FIGURE 5Transcriptome reconstruction and identification of lncRNAs and circRNAs. (A) Schematic of single-cell transcriptome reconstruction with genome-guided and genome-independent approaches. Genome-guided strategies need to map the sequencing reads to the reference genome first, whereas genome-independent (de novo assembly) methods can assemble the sequencing reads directly without using the reference genome. (B) Novel lncRNAs can be identified by assessing the protein-coding potential of the transcripts assembled from transcriptome reconstruction methods. Since lncRNAs can be with or without poly (A) tails, the full-length transcript scRNA-seq technologies that can capture both poly (A+) and poly (A–) RNAs are preferred for comprehensively profiling lncRNAs. Moreover, sufficient sequencing depth can also benefit the lncRNA identification in considering that lncRNAs are usually expressed at relatively lower levels than that of mRNAs. (C) Profiling circRNAs with scRNA-seq data. CircRNAs are formed by back-splicing, which is different from linear RNAs. Unlike linear RNAs that can be captured with standard poly-A enriched methods, circRNAs are covalently closed and usually need to be profiled with rRNA-depleted total RNA protocols. Furthermore, the sequencing depth is also important to ensure the accuracy of circRNA identification and quantification.
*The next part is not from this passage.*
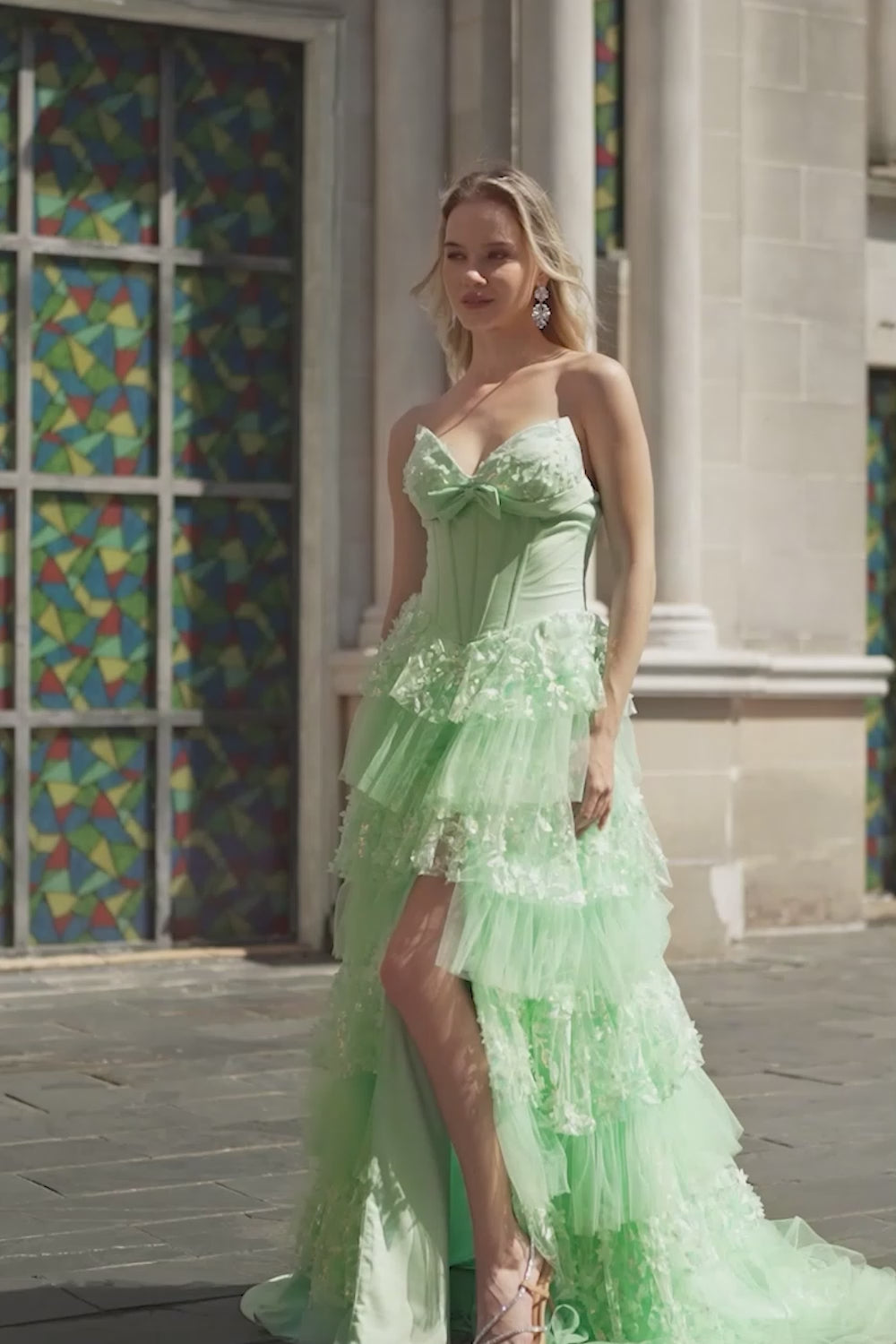 Green Strapless Ruffled Corset Long Prom Dress with Bow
FIGURE 6Integration of single-cell and bulk RNA-seq data for cell-type decomposition and survival analysis. (A) Deconvolution of cell-type composition in bulk samples with single-cell reference signatures. The computational approaches for deconvoluting the cell-type compositions or proportions of bulk samples often need the reference expression profile of the markers for specific cell types. Performing scRNA-seq on a few samples is an efficient and cost-effective way to generate the cell-type-specific gene expression profile as the reference. (B) Linking the expression of single-cell signatures to patient outcomes with related large-scale bulk datasets. The signatures or markers identified in diverse types of single-cell analyses (such as cell type identification, alternative splicing inference, cell–cell communication exploration, and gene regulatory network reconstruction) can be further investigated with relevant large-scale bulk RNA-seq dataset to check whether they are associated with different patient outcomes (e.g., survival of patients) based on available clinical information of involved patients. Such analysis can further gain insights into the associations of cell-type-specific markers with certain phenotypes of patients in a multitude of samples.